Из Москвы приехала Лариса Павловна Тарковская, которая воцарилась в квартире, снятой для репетиций. Она потребовала, чтобы ей туда привезли мебель, холодильник, электрические или газовые плитки и разный кухонный скарб. Скоро из этой комнаты стали доноситься кулинарные ароматы.
В тот день я работал на базе вторсырья, в одиночку собрал, привез и разгрузил грузовик металлолома для реквизиторских и декорационных целей. Закончив разгрузку, я вытирал испачканные ржавчиной и мазутом руки. И тут впервые за четыре месяца моей работы на картине ко мне подошла Лариса Павловна, поздоровалась и стала говорить капризно-жалостливым голосом:
— Андрей Арсеньевич во время съемок так тяжело работает, так устает, что ему нужно калорийное питание. Поэтому вы должны доставать ему качественные продукты. Я подготовила список.
Она протянула бумажку. Я пробежал ее глазами: угорь копченый, угорь маринованный, осетрина горячего и холодного копчения, семга и форель свежая, треска свежая, кильки балтийские, шпроты, ветчина, буженина, творог, сметана, зелень, водка, коньяк.
Тарковская протянула мне листок.
— Я не могу его взять, — сказал я, показывая измазанные мазутом руки. — Творог и сметана здесь есть в каждом магазине. Причем отличного качества. Вы можете это купить совершенно спокойно.
— Но у меня совершенно нет времени, — возмутилась Лариса Павловна. — Не буду же я ходить по магазинам!..
— Вы считаете, что это должен делать я? Во-первых, это не предусмотрено моими служебными обязанностями. Во-вторых, я если я буду заниматься закупкой продуктов, у меня не хватит времени не подготовку съемок. Но если вы настаиваете, я скажу о вашем предложении Андрею Арсеньевичу…

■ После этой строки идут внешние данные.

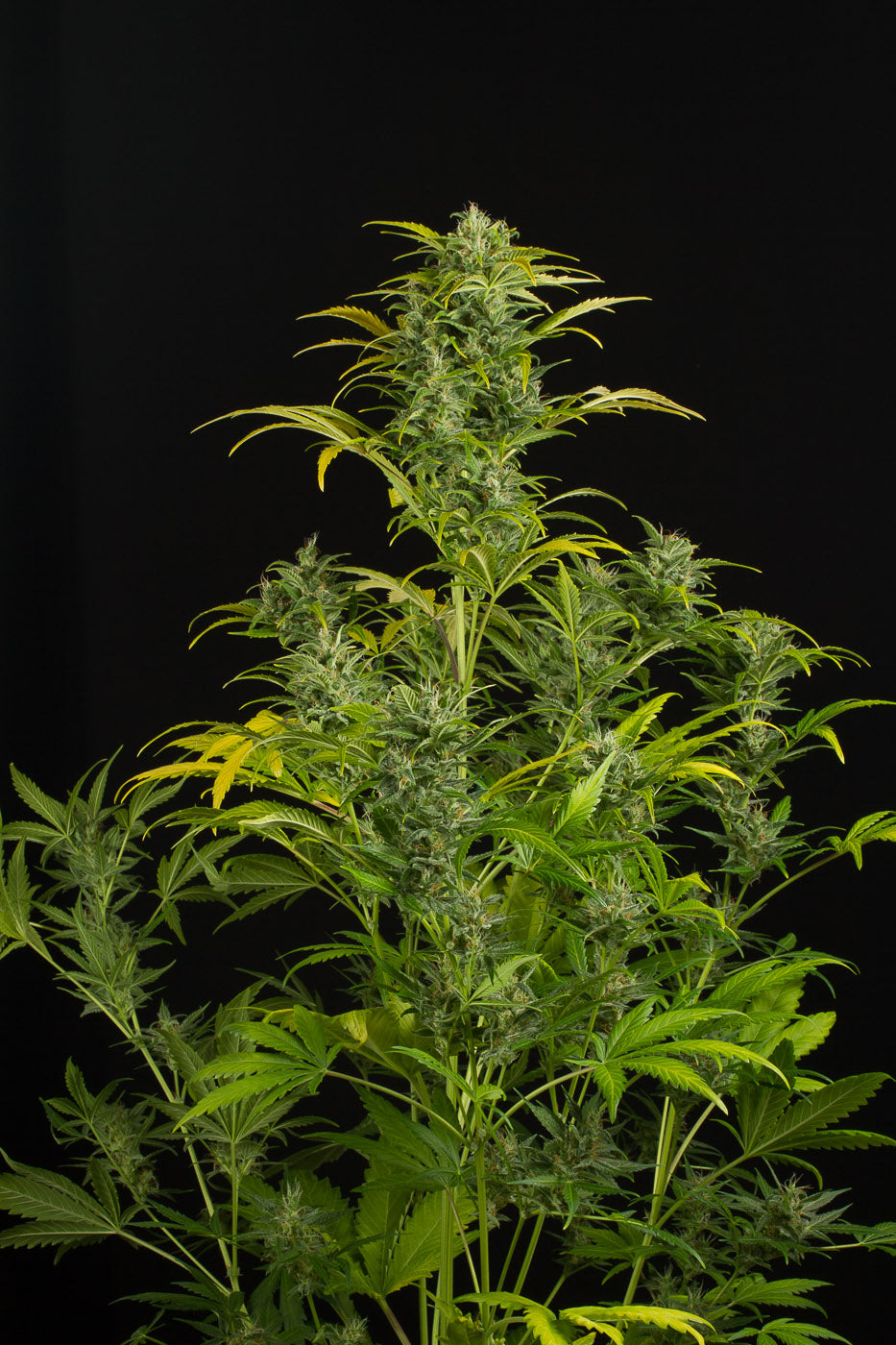 Dinafem Blue Amnesia XXL Auto Feminisiert Autoflower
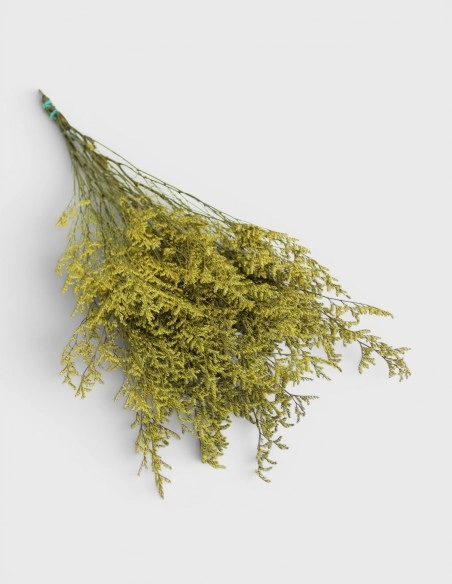 Limonium Preservado Lover Grass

— Ничего Андрею Арсеньевичу говорить не надо! — отрезала она и, повернувшись, направилась к себе в репетиционную квартиру. Интересно, что за время разговора она ни разу не назвала меня по имени. Думаю, что это ей не пришло в голову или она его просто не знала.
На следующий день приехал практикант с «Арменфильма» Араик Агаронян. Он появился еще в Москве. Меня вызвали в производственный отдел и представили его как ассистента по реквизиту. Я спросил, почему его направляют именно ко мне. Мне ответили: «Потому что съемочная группа „Служебный роман“ признана лучшей на „Мосфильме“, следовательно, ты лучший ассистент. Вот тебе практикант». Я с большим скепсисом воспринял неожиданный начальственный комплимент, но игнорировать приказ начальника производства было затруднительно. Выйдя из руководящего кабинета, Араик тут же предложил мне выпить коньячку для закрепления знакомства, но я отказался.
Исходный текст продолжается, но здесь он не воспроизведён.